Re: class, culture, and education

Katherine Goff (Katherine_Goff who-is-at ceo.cudenver.edu)
Sun, 22 Nov 1998 09:29:43 -0700

Jay writes:
(and i have snipped)
> Some responses to the focus
>article take issue with its recommendation that we ought to simply teach
>the valuable/valued practices outright, because these other authors worry
>that contestation will be lost or weakened if educational institutions do
>not critique and oppose the arbitrariness of the hegemonic practices.
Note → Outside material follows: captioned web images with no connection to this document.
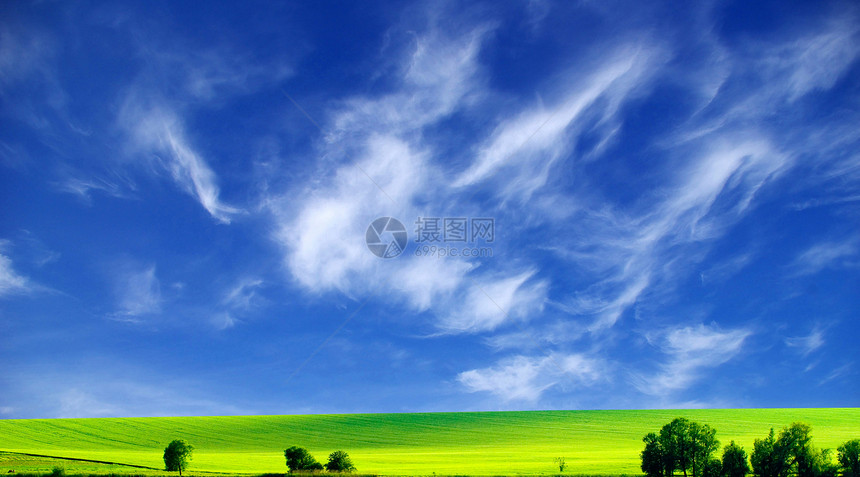 字段阳光国家场地草地蓝色土地农村远景环境地平线图片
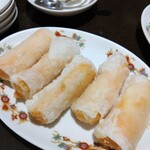 菜香新館 - 名物の海老ウェハース巻き揚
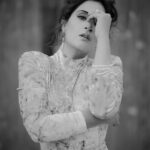 Richa Chadha Instagram - Good night to everyone except @ashishchawlaphotography … it’s been 2 years now come on we need to shoot again ☺️! Or I’ll keep making them B n W and posting. I think there’s still some unused ones here… in this lot! This was a bomb shoot, done totally on trust with an entirely new team… @nehasinghmakeupofficial @bikanta_stylist ❣️🫶🏽❣️ #Noir #richachadha #Bollywood #abbhipadhrahehohashtag🤦
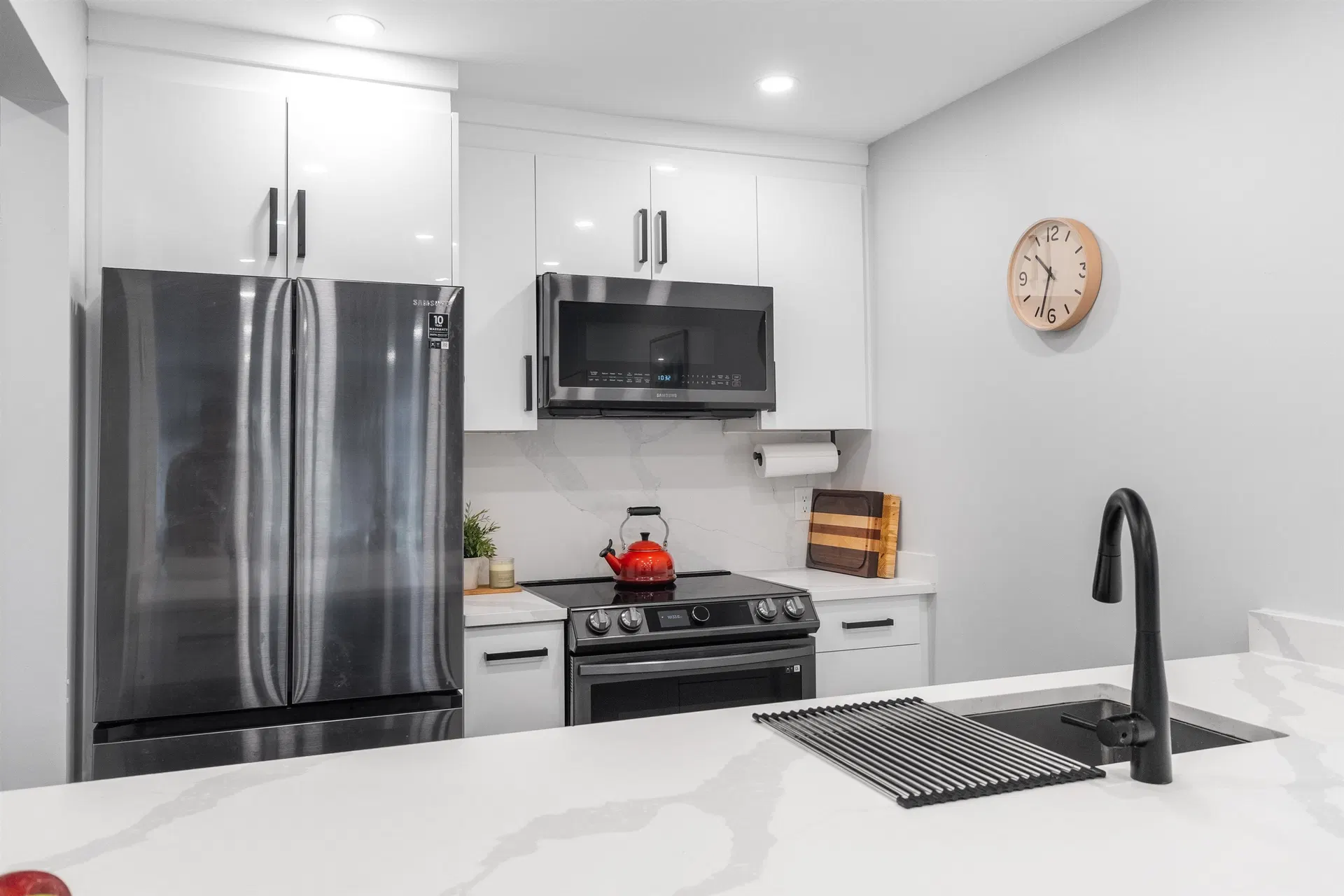 Photo 4 of 27 at #217 – 7377 Salisbury Avenue
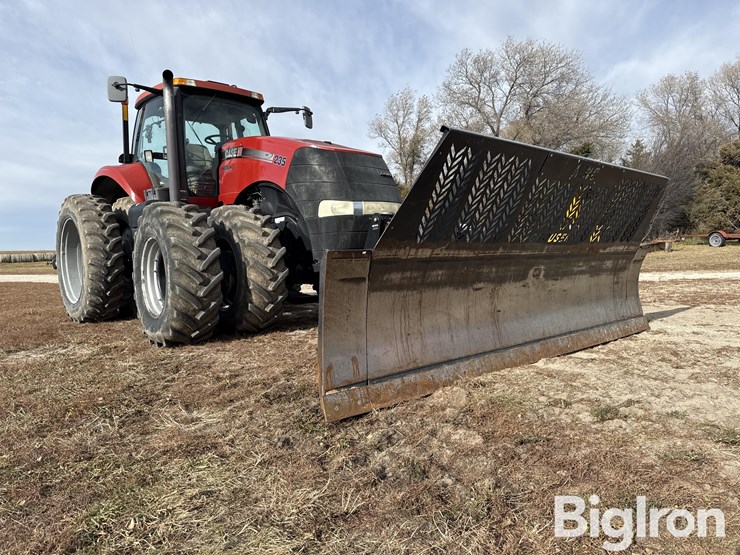 case-ih-magnum-235-image-3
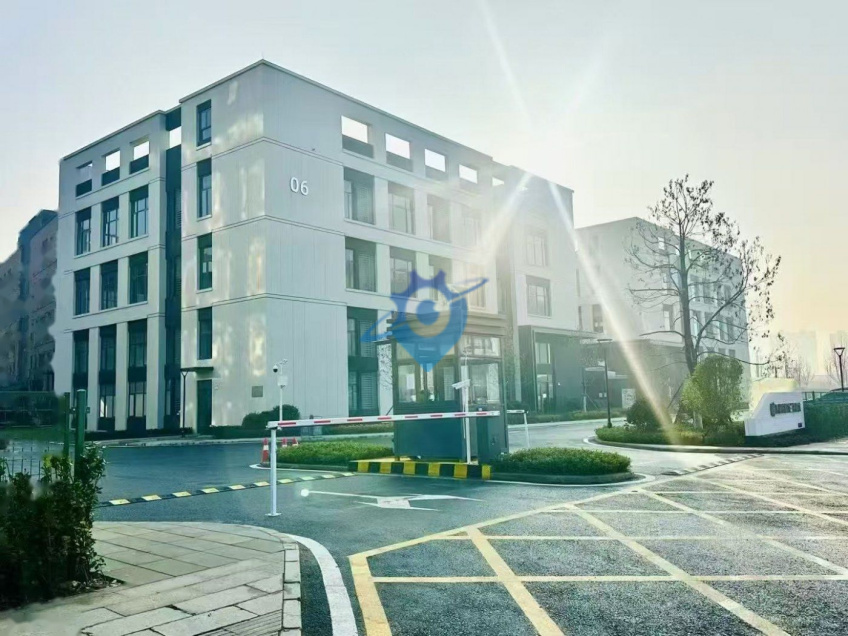 汉口北独栋厂房轻轨1号线旁,7.2m层高、赠露台，品质园区，首付二成起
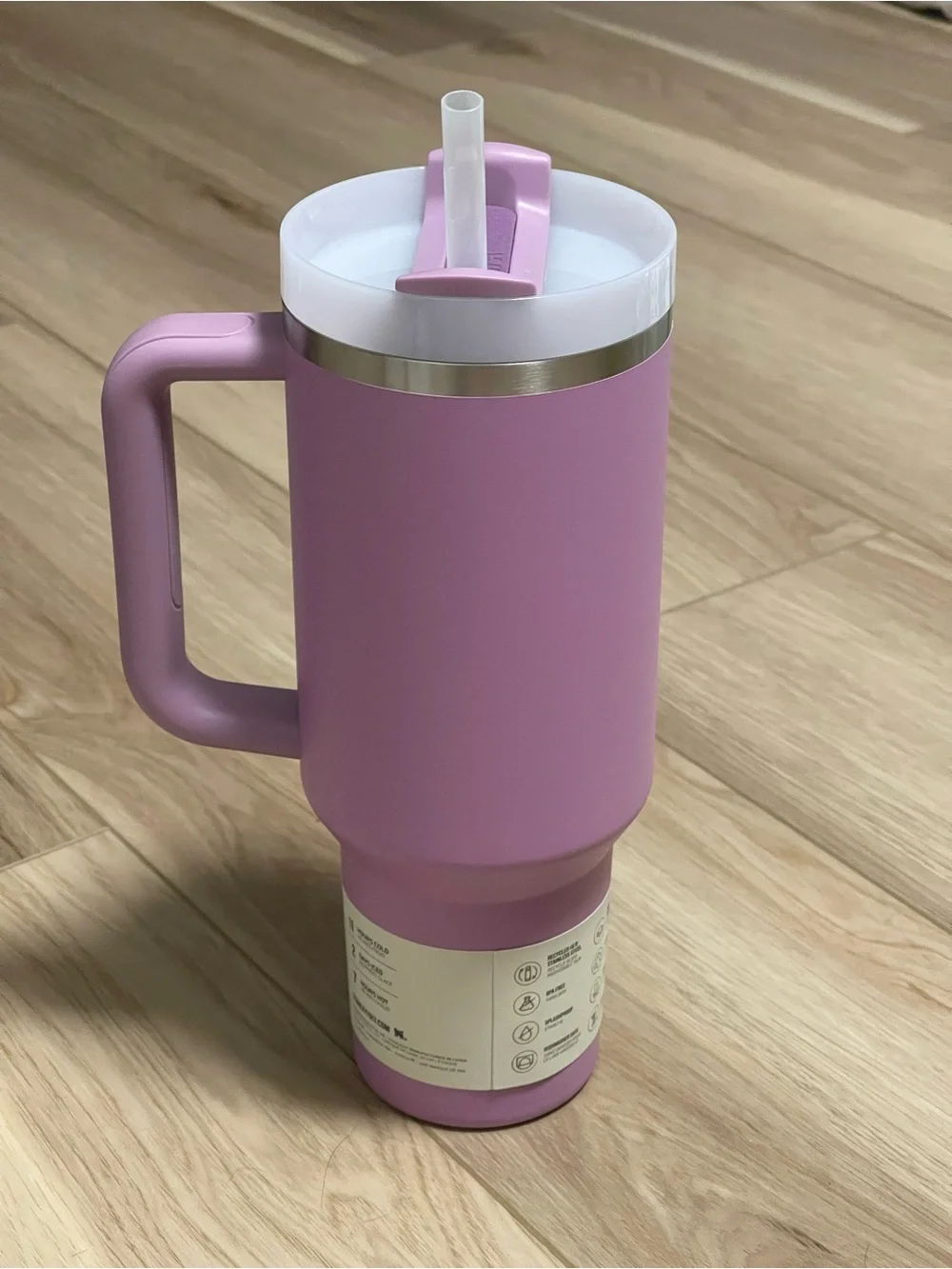Stanley Lilac Quencher H2.0 Tumbler Mug with Straw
And
>support some contrary practices.
>
while i agree with what Jay says here, i feel like the individual gets
discounted in this institutional perspective.
institutions do constrain individual behavior, but individuals always,
potentially are active agents in their own lives.
curriculum is not implemented without teachers.
how an individual teacher implements a curriculum is greatly influenced by
who that teacher is and how she understands the meaning of the curriculum.
and there are millions of teachers out there with millions of different
understandings.
while i am alarmed by the force of the national educational standards
politicking, i see hope in the politics of selves; of individual,
ambiguous, fluid, contradictory identity that cannot help but resist
static, universal standards.
>
>
>
>But just as arbitrariness/effectiveness is a matter of local degree, so
>should our reasonable educational response to it be. All matters of degree
>are both/and rather than either/or. It is not a question of Do we promote
>nonstandard dialects or the dominant/standard one only? it is a matter of
>to what extent do we promote both. It is not a question of Do we teach the
>traditional abstract-masculinist view of science or do we promote radical
>alternatives? but of the degree to which we do both (given the timescale
>of
>possible change which we envision relative to the lifetimes of our
>students).

i have studied teachers who manage to support and nurture the identities
of most of their students (inner-city, heterogeneous classrooms of fourth
graders) and encourage their construction of literate identities (full
members of a reading/writing community of learners) while bringing up most
of the standardized test scores of these children.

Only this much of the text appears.